By embracing extensibility, durability, and freedom from carrier control, Microsoft can buld an ecosystem around the Fennec browser that will make it truly competitive again, and a business with which it will be far more familiar than it is with today's mobile phone business.
Written by Dana Blankenhorn, Inactive

A small team at the Mozilla Foundation is working on a new version of the Firefox browser, code-named Fennec, and a pre-alpha version is now online for trial. All this was announced on Mozilla's development blog.

The new version, 3.1, is aimed at Windows Mobile phones, earlier versions having been developed for the Nokia Internet Tablet. The new version was developed in parallel with the other. (The natural habitat for real Fennecs, like this fellow, is Egypt.)

But how can this help Microsoft, given that Mozilla is committed to developing versions for a wide variety of mobiles, including the Google Android and Symbian?

The answer is extensibility.

Because Fennec is designed to support multiple extensions, there is an incentive for Windows Mobile designers to produce high-capacity phones. Usually phones are designed to handle only those applications pre-loaded onto them, since they can be tossed after a year or so.

Extensibility can lead to durability, and once you're making a durable phone you're really making a mobile Internet client, not a phone. Your design requirements change and you really are competing with the iPhone.

Another important point is that the business model has to adjust. When you're building something durable you're building something that lives beyond the typical phone contract.

Breaking the SIM card monopoly inside all phones becomes an important design consideration. Now you are freed from carrier control.

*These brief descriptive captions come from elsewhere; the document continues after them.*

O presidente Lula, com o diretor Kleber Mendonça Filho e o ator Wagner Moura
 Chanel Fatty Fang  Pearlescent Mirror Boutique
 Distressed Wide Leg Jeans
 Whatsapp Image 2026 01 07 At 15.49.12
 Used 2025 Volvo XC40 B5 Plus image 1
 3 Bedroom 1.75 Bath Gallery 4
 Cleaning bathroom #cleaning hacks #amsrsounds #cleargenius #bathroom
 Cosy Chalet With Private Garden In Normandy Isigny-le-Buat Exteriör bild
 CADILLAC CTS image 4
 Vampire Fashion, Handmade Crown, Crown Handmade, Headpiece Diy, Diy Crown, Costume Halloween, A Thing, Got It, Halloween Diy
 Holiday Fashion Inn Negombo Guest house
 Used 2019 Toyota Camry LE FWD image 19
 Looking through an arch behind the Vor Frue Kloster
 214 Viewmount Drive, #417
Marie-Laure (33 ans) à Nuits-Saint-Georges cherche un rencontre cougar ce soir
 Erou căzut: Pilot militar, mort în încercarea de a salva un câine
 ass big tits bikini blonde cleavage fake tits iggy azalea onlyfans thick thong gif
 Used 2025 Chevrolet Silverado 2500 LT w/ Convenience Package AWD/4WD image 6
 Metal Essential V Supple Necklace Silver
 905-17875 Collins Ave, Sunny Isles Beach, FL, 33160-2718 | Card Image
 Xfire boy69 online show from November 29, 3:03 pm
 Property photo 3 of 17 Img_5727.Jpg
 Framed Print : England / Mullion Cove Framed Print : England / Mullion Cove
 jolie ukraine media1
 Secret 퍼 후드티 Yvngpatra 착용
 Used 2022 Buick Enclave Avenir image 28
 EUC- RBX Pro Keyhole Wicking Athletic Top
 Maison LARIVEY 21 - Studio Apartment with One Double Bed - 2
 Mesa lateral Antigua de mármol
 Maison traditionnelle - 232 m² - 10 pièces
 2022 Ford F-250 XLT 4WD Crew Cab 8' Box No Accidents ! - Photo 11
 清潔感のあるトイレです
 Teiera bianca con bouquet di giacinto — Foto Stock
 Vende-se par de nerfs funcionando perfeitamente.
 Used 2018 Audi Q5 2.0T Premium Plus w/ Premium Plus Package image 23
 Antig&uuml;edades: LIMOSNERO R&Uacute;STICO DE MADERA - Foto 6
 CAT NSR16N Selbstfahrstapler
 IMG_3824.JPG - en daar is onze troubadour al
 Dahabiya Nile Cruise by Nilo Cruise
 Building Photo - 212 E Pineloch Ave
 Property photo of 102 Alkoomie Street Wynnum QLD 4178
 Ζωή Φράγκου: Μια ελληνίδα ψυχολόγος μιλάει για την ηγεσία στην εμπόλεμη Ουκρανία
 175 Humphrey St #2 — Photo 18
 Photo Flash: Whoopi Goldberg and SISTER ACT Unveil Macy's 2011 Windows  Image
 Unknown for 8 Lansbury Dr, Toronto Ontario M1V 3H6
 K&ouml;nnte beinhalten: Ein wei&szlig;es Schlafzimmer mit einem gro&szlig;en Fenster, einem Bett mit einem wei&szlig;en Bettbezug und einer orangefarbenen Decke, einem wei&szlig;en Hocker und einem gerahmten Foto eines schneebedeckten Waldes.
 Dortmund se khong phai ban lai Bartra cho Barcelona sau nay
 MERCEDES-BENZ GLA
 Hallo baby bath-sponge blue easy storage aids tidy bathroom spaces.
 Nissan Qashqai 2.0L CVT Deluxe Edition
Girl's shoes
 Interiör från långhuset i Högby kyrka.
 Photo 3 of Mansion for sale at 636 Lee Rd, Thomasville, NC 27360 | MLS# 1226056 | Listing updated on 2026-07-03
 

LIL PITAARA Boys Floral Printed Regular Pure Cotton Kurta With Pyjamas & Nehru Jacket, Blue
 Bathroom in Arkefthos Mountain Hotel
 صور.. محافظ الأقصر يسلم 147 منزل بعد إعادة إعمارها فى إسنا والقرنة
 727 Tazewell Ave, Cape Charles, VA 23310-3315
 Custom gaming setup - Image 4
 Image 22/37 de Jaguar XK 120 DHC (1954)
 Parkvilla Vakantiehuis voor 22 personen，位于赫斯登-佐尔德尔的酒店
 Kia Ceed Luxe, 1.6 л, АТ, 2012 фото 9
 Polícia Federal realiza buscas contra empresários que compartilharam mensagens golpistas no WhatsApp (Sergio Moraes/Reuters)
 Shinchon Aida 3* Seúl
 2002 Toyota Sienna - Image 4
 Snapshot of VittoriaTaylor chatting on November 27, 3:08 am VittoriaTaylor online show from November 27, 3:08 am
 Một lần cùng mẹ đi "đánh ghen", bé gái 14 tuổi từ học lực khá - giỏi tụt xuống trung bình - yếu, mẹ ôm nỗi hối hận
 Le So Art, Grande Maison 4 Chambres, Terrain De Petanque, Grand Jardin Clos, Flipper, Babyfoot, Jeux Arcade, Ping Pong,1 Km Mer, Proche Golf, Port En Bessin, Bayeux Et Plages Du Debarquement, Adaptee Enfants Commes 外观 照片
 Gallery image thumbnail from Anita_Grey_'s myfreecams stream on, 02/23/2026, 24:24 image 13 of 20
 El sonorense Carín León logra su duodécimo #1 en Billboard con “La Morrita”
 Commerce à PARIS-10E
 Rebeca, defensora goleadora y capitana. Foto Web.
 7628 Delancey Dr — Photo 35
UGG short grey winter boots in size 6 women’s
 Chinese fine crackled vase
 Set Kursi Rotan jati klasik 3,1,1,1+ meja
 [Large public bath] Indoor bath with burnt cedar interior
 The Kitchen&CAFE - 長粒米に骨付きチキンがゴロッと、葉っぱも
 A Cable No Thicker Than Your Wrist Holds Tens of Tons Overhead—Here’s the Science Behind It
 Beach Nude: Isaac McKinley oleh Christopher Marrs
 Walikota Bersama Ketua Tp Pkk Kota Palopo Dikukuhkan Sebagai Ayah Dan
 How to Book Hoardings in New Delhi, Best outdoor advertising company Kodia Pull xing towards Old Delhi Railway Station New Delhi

By embracing extensibility, durability, and freedom from carrier control, Microsoft can buld an ecosystem around the Fennec browser that will make it truly competitive again, and a business with which it will be far more familiar than it is with today's mobile phone business.

This assumes, of course, that Microsoft embraces the design attributes of Fennec and designs for users, rather than carriers.

But wouldn't it be ironic if an open source projects saves Windows its blushes?